------ Source data ------
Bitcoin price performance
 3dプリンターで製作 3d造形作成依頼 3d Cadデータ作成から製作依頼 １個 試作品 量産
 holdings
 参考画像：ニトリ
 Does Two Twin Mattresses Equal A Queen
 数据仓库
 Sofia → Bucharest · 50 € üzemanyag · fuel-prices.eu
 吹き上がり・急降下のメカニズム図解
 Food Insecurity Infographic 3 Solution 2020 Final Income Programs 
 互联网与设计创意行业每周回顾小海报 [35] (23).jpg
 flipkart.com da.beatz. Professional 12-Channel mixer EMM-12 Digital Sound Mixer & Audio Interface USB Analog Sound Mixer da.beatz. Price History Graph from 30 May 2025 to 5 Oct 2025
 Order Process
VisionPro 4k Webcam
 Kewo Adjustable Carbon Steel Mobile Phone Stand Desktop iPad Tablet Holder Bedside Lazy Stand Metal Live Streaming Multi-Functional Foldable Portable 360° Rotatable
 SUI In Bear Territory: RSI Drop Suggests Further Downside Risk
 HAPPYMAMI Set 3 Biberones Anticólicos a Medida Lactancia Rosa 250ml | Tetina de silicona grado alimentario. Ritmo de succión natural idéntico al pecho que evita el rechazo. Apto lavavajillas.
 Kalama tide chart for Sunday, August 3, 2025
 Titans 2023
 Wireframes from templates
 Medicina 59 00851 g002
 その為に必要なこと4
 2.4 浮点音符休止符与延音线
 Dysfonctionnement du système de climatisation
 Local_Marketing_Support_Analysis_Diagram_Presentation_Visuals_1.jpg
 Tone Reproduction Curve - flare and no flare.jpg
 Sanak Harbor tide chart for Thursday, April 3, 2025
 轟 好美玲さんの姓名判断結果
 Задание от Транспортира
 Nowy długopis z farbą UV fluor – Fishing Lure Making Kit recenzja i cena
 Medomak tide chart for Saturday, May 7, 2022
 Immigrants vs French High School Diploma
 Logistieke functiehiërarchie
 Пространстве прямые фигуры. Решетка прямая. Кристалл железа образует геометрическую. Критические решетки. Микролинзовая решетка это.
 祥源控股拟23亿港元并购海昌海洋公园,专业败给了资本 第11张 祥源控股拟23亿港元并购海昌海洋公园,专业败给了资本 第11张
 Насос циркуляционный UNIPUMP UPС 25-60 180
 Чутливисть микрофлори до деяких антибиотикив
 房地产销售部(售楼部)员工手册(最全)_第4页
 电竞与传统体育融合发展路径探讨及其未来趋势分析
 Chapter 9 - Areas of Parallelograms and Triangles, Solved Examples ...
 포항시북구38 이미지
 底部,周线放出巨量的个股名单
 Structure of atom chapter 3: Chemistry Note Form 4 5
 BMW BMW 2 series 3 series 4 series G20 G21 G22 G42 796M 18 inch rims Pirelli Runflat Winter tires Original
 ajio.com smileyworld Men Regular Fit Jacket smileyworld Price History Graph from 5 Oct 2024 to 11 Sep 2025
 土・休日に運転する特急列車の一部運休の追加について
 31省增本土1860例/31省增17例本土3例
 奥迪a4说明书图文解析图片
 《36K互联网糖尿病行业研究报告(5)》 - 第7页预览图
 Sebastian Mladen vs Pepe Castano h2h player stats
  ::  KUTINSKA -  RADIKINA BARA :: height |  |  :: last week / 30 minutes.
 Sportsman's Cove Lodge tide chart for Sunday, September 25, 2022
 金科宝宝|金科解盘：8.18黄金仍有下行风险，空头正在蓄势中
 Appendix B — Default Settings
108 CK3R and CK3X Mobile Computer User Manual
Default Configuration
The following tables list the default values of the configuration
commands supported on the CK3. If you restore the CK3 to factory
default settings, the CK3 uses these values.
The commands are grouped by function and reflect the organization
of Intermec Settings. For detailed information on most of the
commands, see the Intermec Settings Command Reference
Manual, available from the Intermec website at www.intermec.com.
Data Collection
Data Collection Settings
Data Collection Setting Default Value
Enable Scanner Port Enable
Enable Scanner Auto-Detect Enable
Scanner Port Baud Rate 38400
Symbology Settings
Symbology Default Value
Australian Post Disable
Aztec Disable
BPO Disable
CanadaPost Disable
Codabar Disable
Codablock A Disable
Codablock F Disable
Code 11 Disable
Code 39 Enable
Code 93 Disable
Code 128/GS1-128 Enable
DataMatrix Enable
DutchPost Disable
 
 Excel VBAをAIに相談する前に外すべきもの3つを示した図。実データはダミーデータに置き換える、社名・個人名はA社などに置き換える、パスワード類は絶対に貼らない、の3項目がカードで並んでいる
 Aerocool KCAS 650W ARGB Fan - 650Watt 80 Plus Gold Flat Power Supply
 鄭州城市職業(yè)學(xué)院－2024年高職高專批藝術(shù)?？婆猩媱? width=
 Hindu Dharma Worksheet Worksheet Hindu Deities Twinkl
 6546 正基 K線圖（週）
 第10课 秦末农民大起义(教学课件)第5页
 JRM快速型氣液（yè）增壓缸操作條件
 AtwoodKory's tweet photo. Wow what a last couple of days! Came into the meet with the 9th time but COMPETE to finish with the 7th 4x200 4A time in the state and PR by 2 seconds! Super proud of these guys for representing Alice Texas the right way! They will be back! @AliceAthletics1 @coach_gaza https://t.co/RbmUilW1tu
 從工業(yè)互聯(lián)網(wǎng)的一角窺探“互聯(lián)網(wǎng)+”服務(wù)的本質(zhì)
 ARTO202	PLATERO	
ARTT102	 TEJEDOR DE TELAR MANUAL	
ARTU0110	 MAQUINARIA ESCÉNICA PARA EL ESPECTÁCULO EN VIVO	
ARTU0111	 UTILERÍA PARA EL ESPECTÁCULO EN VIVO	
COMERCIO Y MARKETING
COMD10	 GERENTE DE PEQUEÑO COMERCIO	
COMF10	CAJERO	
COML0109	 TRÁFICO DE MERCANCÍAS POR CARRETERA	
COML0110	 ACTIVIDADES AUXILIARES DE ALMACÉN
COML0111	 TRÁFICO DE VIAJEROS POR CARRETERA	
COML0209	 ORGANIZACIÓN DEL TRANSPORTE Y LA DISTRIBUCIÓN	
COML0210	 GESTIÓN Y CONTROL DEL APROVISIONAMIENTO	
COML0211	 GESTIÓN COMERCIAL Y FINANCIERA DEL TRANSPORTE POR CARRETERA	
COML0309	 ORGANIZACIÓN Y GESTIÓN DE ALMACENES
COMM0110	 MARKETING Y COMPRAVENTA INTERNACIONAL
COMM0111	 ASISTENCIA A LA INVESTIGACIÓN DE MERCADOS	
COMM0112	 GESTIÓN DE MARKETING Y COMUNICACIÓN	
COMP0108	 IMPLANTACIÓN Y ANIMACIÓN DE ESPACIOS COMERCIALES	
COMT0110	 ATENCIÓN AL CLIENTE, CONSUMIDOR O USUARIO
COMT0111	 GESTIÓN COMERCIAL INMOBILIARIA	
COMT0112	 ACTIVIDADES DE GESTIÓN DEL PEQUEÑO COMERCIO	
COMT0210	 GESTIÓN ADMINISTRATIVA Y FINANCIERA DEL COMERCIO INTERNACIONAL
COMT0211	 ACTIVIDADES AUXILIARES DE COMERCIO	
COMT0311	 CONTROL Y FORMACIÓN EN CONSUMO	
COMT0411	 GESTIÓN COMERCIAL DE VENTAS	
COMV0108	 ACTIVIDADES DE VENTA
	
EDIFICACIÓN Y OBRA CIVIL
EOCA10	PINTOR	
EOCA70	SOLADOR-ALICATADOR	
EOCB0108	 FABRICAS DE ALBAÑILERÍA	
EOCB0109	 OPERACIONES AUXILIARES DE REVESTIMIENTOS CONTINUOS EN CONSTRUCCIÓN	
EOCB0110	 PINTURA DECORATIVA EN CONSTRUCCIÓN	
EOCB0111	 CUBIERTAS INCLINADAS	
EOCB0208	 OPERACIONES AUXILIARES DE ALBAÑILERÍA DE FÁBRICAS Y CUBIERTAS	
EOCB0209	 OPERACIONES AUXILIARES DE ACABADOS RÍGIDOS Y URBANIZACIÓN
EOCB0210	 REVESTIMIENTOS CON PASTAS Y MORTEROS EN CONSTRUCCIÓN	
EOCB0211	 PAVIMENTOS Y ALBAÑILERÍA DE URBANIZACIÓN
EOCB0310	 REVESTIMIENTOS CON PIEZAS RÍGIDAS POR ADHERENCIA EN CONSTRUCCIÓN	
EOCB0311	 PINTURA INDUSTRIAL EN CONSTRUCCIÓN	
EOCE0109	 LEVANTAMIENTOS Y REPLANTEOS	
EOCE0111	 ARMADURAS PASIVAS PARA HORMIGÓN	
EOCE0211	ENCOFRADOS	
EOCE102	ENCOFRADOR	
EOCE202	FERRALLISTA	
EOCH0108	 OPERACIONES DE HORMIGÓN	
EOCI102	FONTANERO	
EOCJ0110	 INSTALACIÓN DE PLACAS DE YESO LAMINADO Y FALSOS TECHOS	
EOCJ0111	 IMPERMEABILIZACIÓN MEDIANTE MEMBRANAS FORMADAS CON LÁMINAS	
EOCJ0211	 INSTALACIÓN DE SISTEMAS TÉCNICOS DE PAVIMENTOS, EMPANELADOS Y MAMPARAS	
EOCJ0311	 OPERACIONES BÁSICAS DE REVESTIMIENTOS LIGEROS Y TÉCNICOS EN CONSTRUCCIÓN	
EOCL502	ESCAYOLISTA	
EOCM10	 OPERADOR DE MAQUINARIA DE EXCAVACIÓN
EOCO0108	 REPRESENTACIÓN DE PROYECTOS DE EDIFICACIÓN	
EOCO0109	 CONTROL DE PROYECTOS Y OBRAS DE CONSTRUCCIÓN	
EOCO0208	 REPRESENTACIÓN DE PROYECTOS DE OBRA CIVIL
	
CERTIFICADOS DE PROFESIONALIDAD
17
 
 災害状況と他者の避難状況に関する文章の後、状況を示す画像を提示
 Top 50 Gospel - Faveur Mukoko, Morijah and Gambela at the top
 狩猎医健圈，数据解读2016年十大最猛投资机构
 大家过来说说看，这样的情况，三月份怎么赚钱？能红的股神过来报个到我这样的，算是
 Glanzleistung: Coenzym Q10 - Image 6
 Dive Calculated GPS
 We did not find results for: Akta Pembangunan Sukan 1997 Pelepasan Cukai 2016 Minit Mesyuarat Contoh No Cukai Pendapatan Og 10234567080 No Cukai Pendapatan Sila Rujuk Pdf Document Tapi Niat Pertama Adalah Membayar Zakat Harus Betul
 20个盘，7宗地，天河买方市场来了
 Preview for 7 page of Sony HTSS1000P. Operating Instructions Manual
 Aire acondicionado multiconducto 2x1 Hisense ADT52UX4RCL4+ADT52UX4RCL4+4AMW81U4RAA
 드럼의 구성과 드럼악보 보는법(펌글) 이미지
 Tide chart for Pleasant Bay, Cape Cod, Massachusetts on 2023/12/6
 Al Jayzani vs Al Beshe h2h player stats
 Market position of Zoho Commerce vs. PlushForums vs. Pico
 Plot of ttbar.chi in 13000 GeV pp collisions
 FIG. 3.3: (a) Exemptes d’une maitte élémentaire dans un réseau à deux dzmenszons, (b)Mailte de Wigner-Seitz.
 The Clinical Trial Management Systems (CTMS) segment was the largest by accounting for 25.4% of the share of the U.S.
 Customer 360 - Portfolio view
------
--- Exercise instructions ---
What you give back should be exactly the lines of the entries above from the one containing "Al Jayzani vs Al Beshe h2h player stats" to the end, and nothing more.

--- Result of the exercise ---
 Al Jayzani vs Al Beshe h2h player stats
 Market position of Zoho Commerce vs. PlushForums vs. Pico
 Plot of ttbar.chi in 13000 GeV pp collisions
 FIG. 3.3: (a) Exemptes d’une maitte élémentaire dans un réseau à deux dzmenszons, (b)Mailte de Wigner-Seitz.
 The Clinical Trial Management Systems (CTMS) segment was the largest by accounting for 25.4% of the share of the U.S.
 Customer 360 - Portfolio view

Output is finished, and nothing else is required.